Patrimoine agricoleÀ Moudon, les fermiers rêvent de propriété
En mains communales depuis 1721, le domaine de Chalabruz pourrait être vendu pour 1,7 million à ses exploitants de longue date. Réponse au Conseil communal mardi soir.

L’histoire est en marche. Mardi, les élus moudonnois se prononceront sur la vente pour 1,72 million de francs d’un de ses plus anciens bijoux de famille. Le domaine agricole de Chalabruz est en mains communales depuis 1721, comme le rappellent les volets rouges et verts du bâtiment principal et les armoiries du bourg broyard sculptées au-dessus du linteau de la porte d’entrée. Une première qui pourrait avoir des suites, puisque pour des motifs financiers, les autorités locales se sont déclarées favorables à la cession des six fermes – Chalabruz comprise – qu’elles louent depuis des siècles à des familles paysannes.
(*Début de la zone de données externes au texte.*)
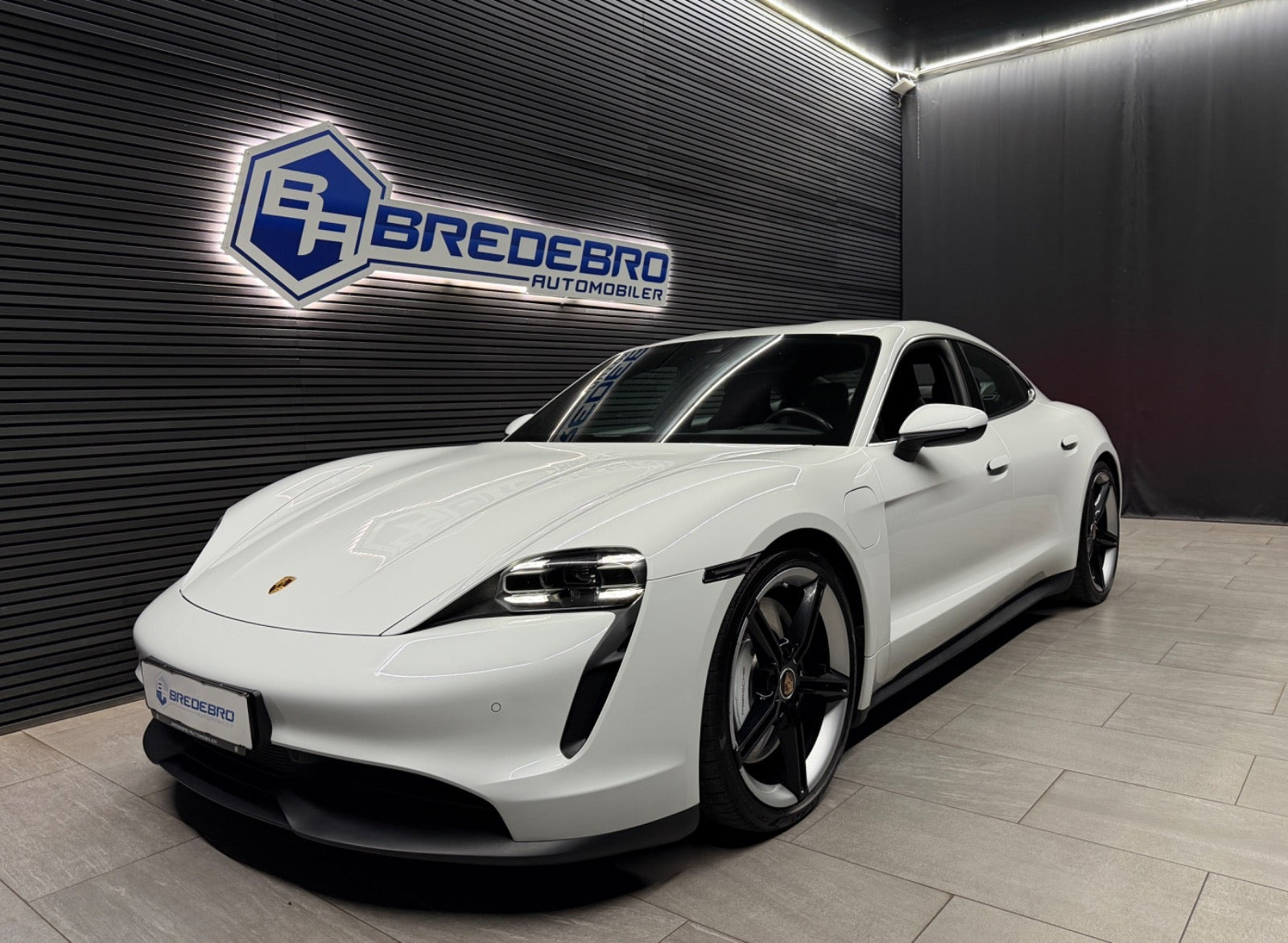 Porsche Taycan 4S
Clin d’œil de l’histoire, l’acheteuse est déjà une pionnière à l’échelle communale. En 2006, Magadis Richardet était en effet devenue la première femme à présider le Conseil communal, avant d’entrer à l’Exécutif. Mardi soir, ni elle ni ses enfants et beaux-enfants n’assisteront à la séance. «Je n’ai pas envie que les gens soient influencés par ma présence», glisse Vincent, le cadet qui travaille sur le domaine. Si le vote leur est favorable, la famille aura évidemment une pensée émue pour Michel, le père et mari décédé en 2018: «On souhaite aussi faire l’acquisition de ce domaine, dont nous sommes fermiers depuis le 1er novembre 1986, pour sa mémoire. Nous sommes partis de rien il y a plus de trente ans et nous avons l’opportunité de devenir propriétaire. Il y a une quinzaine d’années, Michel avait d’ailleurs déjà écrit à la Commune pour lui faire part de notre intérêt.» Après un temps, la cheffe d’exploitation reprend: «En somme, c’est l’histoire d’une vie.»
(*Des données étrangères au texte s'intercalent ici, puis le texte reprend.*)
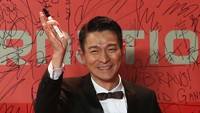 Di Indonesia, nama Andy Lau dikenal lewat serial berjudul The Return of the Condor Heroes yang disandingkan dengan Bibi Lung.  Foto: Getty Images/Samir Hussein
Car ils s’y sont investis, Michel et Magadis Richardet, dans ce domaine qui tombait en désuétude quand, jeunes mariés venus de Pailly et Chevressy, ils en ont repris le fermage. Bricoleur en diable, amoureux de son métier et de ce petit coin de paradis, il a patiemment retapé et agrandi cette exploitation qui domine Moudon et la Mérine, à l’écart des grands axes. La formule était assez simple: la Commune finançait et Michel réalisait. «Il faut reconnaître qu’on a été gâté par la Commune, qui nous a donné l’opportunité de développer notre activité en nous laissant travailler à 100% en indépendant», reprend-elle.
«Mon mari voulait acheter, on a travaillé dur pour ça. Je serais heureuse d’y parvenir»
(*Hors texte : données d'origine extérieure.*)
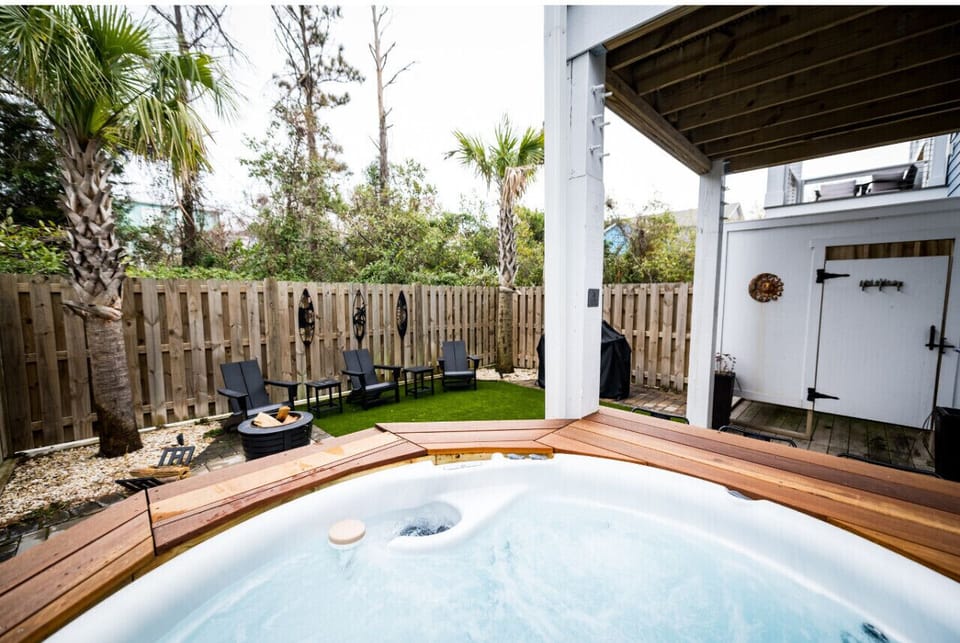 Private hot tub with privacy enclosure!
Les paysans n’ont pas non plus oublié de diversifier l’activité agricole de ce domaine d’une surface totale de 280’000 m2, dont 255’000 m² en nature de pré-champ. Exemple le plus parlant? Sans doute la création de l’immense poulailler qui précède le corps de ferme quand on y arrive depuis Martherenges. Les Richardet ont débuté en 1990 avec 500 pondeuses; ils en comptent 6000 aujourd’hui. Elles sont abritées par un bâtiment construit en 2008 sur lequel brillent 1300 m² de panneaux solaires.
C’est du reste cette activité-là qui a remis au-dessus de la pile l’idée d’un rachat. Ou plutôt d’une vente puisque cette fois-ci, la proposition est venue des autorités municipales. «En 2017, mon mari a eu envie de construire un deuxième poulailler, de l’autre côté de la maison, qui hébergerait d’autres pondeuses et une poussinière.» Préavis cantonal favorable en poche, il s’est approché de la Commune pour obtenir un droit de superficie. Réponse à la demande: non, mais par contre on veut bien vendre.
Avec l’aval du Conseil, Chalabruz passera pour la première fois de sa longue histoire en mains privées. Des mains qui changeront dans quatre ans, quand Magadis Richardet prendra une retraite bien méritée et transmettra l’exploitation à Vincent. «Mon mari avait toujours voulu acheter, on a travaillé dur pour ça. Je serai heureuse d’y parvenir et de pouvoir transmettre ces biens à la génération suivante.»